I WAS walking into 2020 on tiptoes. I didn’t know exactly where I was headed and I wasn’t sure of the place I was coming from. I had to assume the role of a girl I wasn’t ready to be yet. It seems silly to complain about life when you’ve been throughly taught to feel lucky to live it. I’ve learned and unlearned a lot of things. Met and became versions of myself I didn’t want to be. Ran towards and hid from situations I wasn’t cut out for. I was catapulting aimlessly into treacherous and unfamiliar territory.
The future is always scary. It is scary because it is unwritten, buried under a multitude of courses, and lost in the maze of what will become of tomorrow. The one thing the future will always have, however, is growth. A new day, no matter how many steps we take backward, is a step forward nonetheless. In pursuit of my own personal growth, I’ve come to find that it is okay — necessary even — to let loose and be vulnerable, to cry when I need to, and to talk about it in the comforts of safe spaces.

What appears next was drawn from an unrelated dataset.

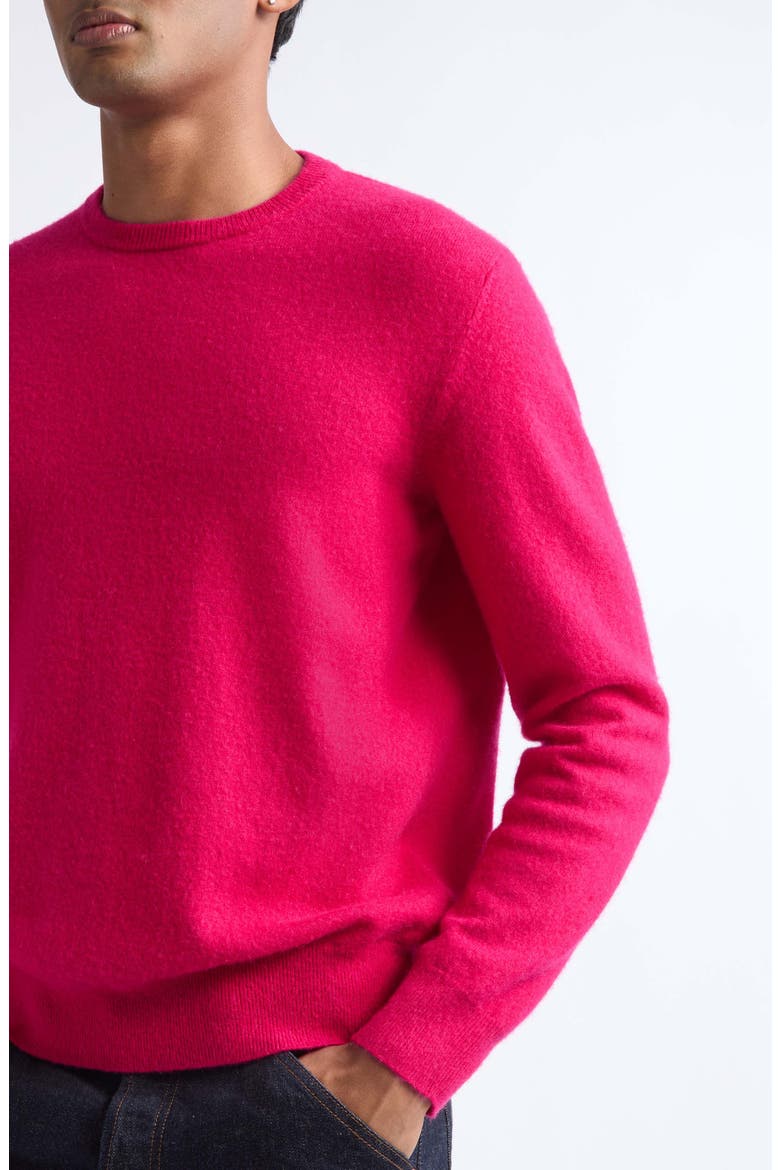 Men's Crewneck Cashmere Sweater, Alternate, color, MULBERRY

Early in January of this year, I was with my parents in Leyte enjoying the remaining days I had before school started again. Aside from the hearty meals the provincial life has to offer, our conversations over dinner are always just as meaty. One night, in between talks on politics, cats, and the mundane, my dad brought up my not going to church as often. My parents are big catholic buffs. As for me, not so much. He then proceeds to tell me that prayer has done wonders for him and that it will do the same for me too. It is always easier to have this conversation on the phone, but that night, as I try to come up with some trite excuse for my Sunday absences, my voice cracks. Tears escape me. I say, I had a hard year. Just that.

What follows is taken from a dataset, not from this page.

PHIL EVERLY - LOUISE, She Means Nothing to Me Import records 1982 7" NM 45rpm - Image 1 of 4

There are different kinds of pain: ones that you mask effortlessly, ones that sting just a little, and ones that hurt in places you didn’t know they could. I broke down in utter anguish. My mom rushed to my side and enveloped me in an embrace so warm, it hurt. It hurt because when you’re bereft of genuine love for quite some time, you become cynical. You try to pick out every disguised semblance of sincerity. You start to condition yourself into thinking that only bad will come from momentary good. I do not tell my folks a lot about my hardships because they have so much of that on their plates already, but I could tell by the way no second had passed before my mom took me in her arms that I would always have her there to catch me, to cheer me on, to hold me when the only thing I’d want to do is let go.
I know my story isn’t half as bad as I make it seem to be, but maybe that’s because of her. Maybe I come home from God knows where in one piece because of all the prayers she says for me at 7 in the evening. Maybe I’ve made it this far because of how long I’ve tried to model my heart after hers. I think a lot about the words I’ve said that have relentlessly fallen into her lap because I was angry. When she tells me she loves me, I get flashbacks of all the times I put her in distress. My mom has gone through many heartbreaks but not once has she allowed them to alter her spirit. I wonder how she does that sometimes — how mothers just do it. So when I am in bed later tonight, I’ll whisper a few words into my pillow. I will wish to have no more of our birthdays spent apart. I will think of her from Cebu, how her kindness always showed even to people who didn’t deserve a crumb of it, how she blooms like the flowers in her garden: impervious to the heat and full of color.